Could benchmarking improve employment relations and reduce tribunal claims?

01 July 2019

This article was featured in the July/August 2019 issue of the magazine.

Jade Linton, senior employment law associate for Thursfields, explores whether and how benchmarking could reduce the risk of successful claims and improve employee relations

Form ET1 is the document no employer wants to see, as it particularises a worker’s complaint. Even in circumstances where the employer is above reproach, the process of defending claims in an employment tribunal can cause a great deal of inconvenience, unwanted publicity and financial loss. Could benchmarking be the answer?


What is benchmarking?

A benchmark is a standard against which something can be measured. Through benchmarking, an employer can find the best performing businesses in their industry and compare processes such as key performance indicators. 

Benchmarking enables employers to monitor the performance of businesses in industries similar to theirs and, if necessary, adopt their processes to achieve better results. 

Benchmarking can work to expose weaknesses and celebrate strengths, and supporters hail it as a pivotal tool for continuous improvement and market resilience. 


... monitor the performance of businesses in industries similar to theirs and, if necessary, adopt their processes 


Tribunal claims

Benchmarking can highlight areas of concern which could trigger employment tribunal claims. By being aware of this information an employer can take action to resolve the issues exposed.  

For example, long-term sickness absence of employees can make an employer particularly exposed to claims of disability discrimination, constructive unfair dismissal and disputes over pay. By understanding that in comparison to their competitors there is an issue in a particular area such as sickness absence means an employer can focus on best practice including contact management, reasonable adjustments and absence trends. Of course, this success is dependant on those areas of risks once identified being corrected quickly.

That said, not all claims are foreseeable and often claims are based on unique circumstances unavoidable by any scrutiny of trends amongst peer groups. Benchmarking is certainly not a cure for all but when used properly can provide data driven insight revealing peaks, trends and areas of weakness which if ignored could expose a business to claims. 


Employee relations

Benchmarking can also help with employee relations in a number of ways:

  • Ensuring alignment with best practice – An employer that advertises commitment to ensuring staff benefits are the ‘best in the industry’ would be expected to take a regular or at least annual review of what their industry peers are doing with benefits. 

In an age where staff can compare potential employers against matters such as salary, staff satisfaction and benefits, benchmarking can help employers ensure they are in line with best practice and that they attract and retain impressive talent pools. 

Though achieving best practice may not be possible for a business in financial difficulty an idea of what its peers are doing may assist it in making small, inexpensive changes to ensure staff are being given a fair deal across the market. 

  • Tracking relevant data to ensure the maintenance of good employee relations – Human resources (HR) and payroll departments are usually the focal point for employee relations, navigating employment law and solving workplace issues, ensuring staff get paid and communicating core issues and values. 

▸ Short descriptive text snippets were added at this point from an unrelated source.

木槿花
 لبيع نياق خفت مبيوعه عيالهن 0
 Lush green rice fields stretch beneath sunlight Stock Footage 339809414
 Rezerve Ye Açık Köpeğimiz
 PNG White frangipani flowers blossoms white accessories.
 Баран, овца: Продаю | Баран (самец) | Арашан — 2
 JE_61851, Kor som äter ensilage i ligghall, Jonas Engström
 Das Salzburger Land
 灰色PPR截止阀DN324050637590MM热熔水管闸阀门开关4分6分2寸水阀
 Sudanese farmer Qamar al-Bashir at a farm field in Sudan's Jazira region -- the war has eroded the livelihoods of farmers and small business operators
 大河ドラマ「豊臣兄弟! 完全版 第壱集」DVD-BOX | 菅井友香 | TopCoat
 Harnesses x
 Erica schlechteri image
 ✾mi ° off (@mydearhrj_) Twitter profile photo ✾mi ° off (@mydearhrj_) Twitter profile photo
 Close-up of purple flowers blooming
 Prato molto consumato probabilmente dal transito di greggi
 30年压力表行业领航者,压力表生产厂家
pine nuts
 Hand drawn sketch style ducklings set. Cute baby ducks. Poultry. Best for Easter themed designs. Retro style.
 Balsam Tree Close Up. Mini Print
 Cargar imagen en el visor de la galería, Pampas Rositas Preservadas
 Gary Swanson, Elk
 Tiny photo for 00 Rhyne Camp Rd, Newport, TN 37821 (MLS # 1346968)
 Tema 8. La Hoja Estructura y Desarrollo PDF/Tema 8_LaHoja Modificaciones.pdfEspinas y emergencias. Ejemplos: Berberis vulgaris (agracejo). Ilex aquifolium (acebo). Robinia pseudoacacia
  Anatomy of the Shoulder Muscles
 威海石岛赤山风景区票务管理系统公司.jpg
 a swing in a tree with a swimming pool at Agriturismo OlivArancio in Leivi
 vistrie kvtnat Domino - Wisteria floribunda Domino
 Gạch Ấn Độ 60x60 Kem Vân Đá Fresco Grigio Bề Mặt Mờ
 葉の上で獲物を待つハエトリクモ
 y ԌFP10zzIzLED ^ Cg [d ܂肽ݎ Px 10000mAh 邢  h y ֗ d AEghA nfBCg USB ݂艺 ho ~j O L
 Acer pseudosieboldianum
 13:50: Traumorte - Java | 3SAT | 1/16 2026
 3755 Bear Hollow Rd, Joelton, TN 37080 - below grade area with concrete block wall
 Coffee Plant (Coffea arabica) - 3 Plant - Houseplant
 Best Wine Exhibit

With such a big responsibility it is easy to forfeit proactivity whilst trying to resolve issues such as absenteeism and pay. Ensuring that relevant data is recorded, reviewed and managed systematically is always a good place to start. Tracking HR matters by spreadsheets has its benefits but being able to compare data across a pre-selected field (e.g. peer groups, companies of similar size or in the same industry) can ensure key decisions about staff are not made using only basic information.

Benchmarking can reveal the most common case types an employer faces and reveal how close each case is to completion. This level of transparency can help employers maintain good employee relations whilst providing easy access to crucial data to influence and support decision making. 

Using case management systems to monitor and track issues such as attendance can help HR managers pinpoint trends and future problems within the business. Recording employee data in this way enables the department to track patterns of behavior and thus provide teams with advanced warning and help them to make changes to internal processes. 


... employers can harness data in a way which highlights areas of risk and safeguards the wellbeing of staff 


Benchmarking and beyond

A benchmarking exercise is only as good as the team willing to learn from the data. A periodic review of staff satisfaction every year will achieve little if in the intervening period the data from the exercise is not scrutinised, weaknesses identified, and strategies implemented to aid improvement on an ongoing basis. 

Benchmarking is a useful facilitator, encouraging employers to think differently about the challenges they face and to prepare for challenge(s) on the horizon, by learning from similar organisations that have gone through comparable pressures. 

By examining employee relation cases across the board, employers can harness data in a way which highlights areas of risk and safeguards the wellbeing of staff.  Interrogating the data derived from benchmarking not only assists proactivity but helps to create a solid employee experience where issues can be identified before they come to a head.

While there is no guarantee benchmarking will stop an ET1 from haunting your desk, it can ensure matters are dealt with proactively and not reactively. Benchmarking can expose weaknesses limiting exposure to employment breaches and manage employees making it a useful tool, but not a complete cure for all.